World / Asia-Pacific

Jurisdiction of the tribunal questioned

By Shadow Li (China Daily Europe) Updated: 2016-07-15 08:05

Jurisdiction of the tribunal questioned

A construction worker drives along the coastline of Zhubi Reef on July 12. Feng Yongbin / China Daily

A leading Hong Kong law expert questioned on July 13 both the procedures and the jurisdiction of the arbitral tribunal in The Hague in the South China Sea case, which ruled on July 12 in favor of the Philippines.

However, a win-win situation is still likely in which China and the Philippines can resolve the dispute through negotiations, says Teresa Cheng Yeuk-wah, chairwoman of the Hong Kong International Arbitration Centre.

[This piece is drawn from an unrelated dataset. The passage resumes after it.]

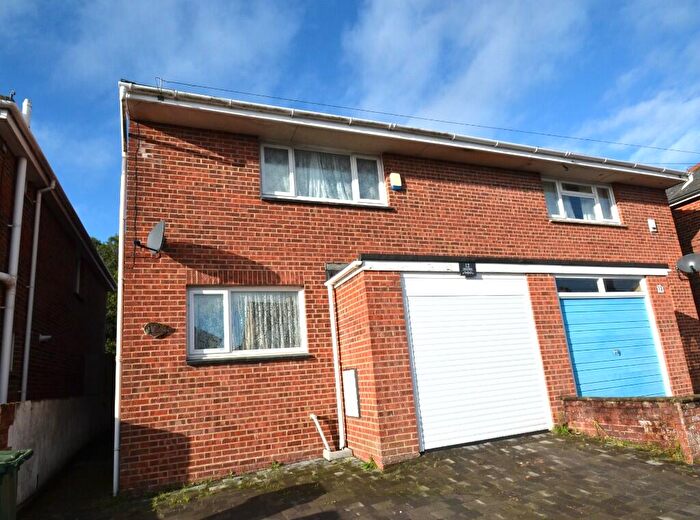 3 Bedroom Semi-Detached House For Sale In William Street, Ryde, Isle Of Wight, PO33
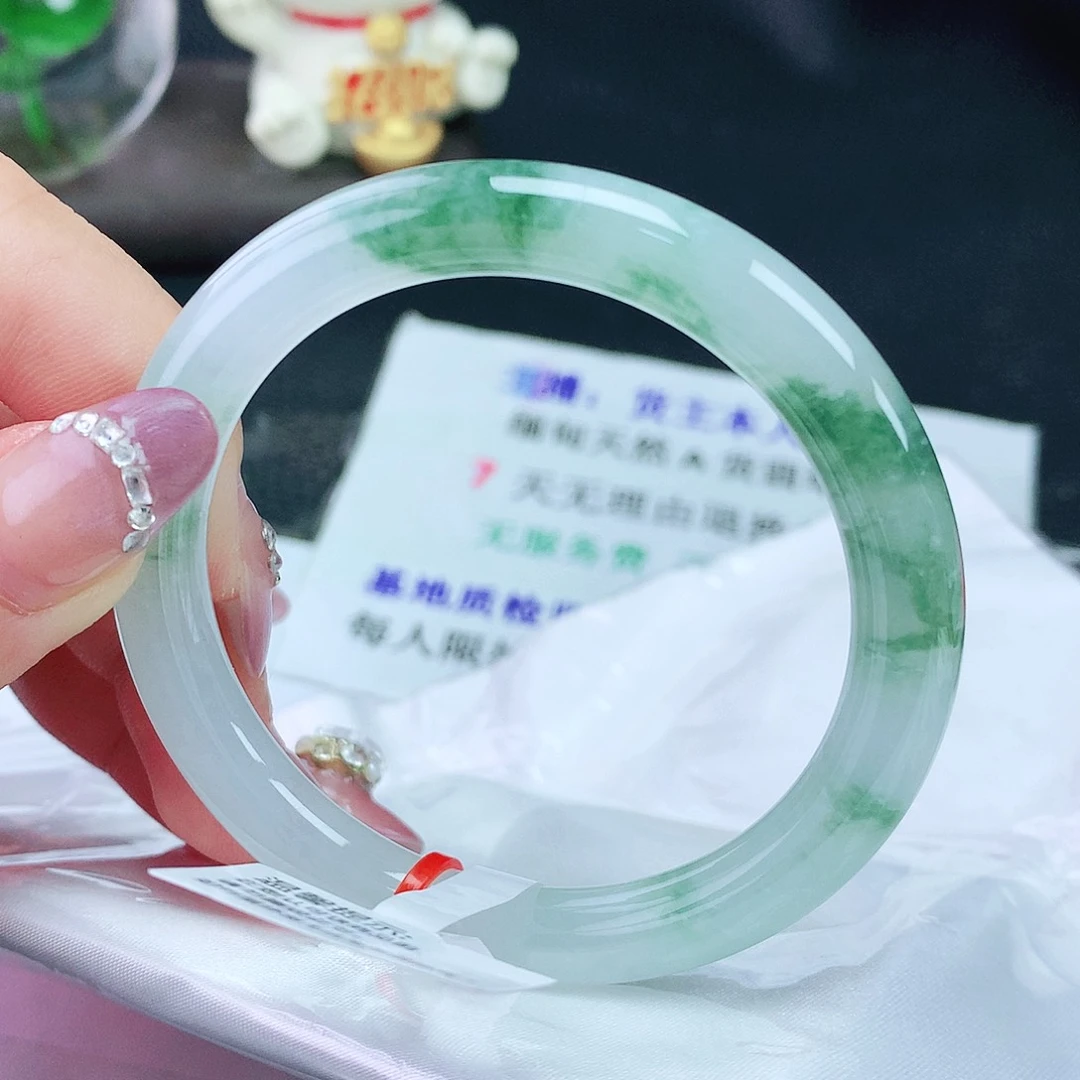 翡翠手镯未镶嵌53圈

The arbitral tribunal, appointed by the Permanent Court of Arbitration in The Hague, announced on July 12 that China has no "historic title" over the South China Sea and no historic basis supporting its claims behind the "nine-dash line" in the waters.

In response, Cheng says a number of international treaties and conventions signed after World War II have all recognized China's sovereignty over the South China Sea.

Jurisdiction of the tribunal questioned

The highly disputed arbitration, unilaterally initiated by the administration of former Philippine president Benigno Aquino III in January 2013, was criticized by maritime law experts and scholars around the world because of the tribunal's lack of justifiable jurisdiction in the case.

Cheng also questions its jurisdiction, saying the main issue of contention in this arbitration was whether the court had the right to rule.

She cites two cases - Nicaragua versus the United States and a maritime dispute between Mauritius and the United Kingdom.

The UK and the US both questioned the court's jurisdiction to rule and simply ignored the rulings.

The US resolved the disputes with Nicaragua through dialogue afterward, as the UK and Mauritius are doing now, says Cheng, a seasoned counsel and arbitrator who has been involved in many international arbitration cases.

When asked whether the South China Sea ruling would affect the court's credibility, Cheng says any ruling made without sufficient legal grounds would certainly affect a court's credibility.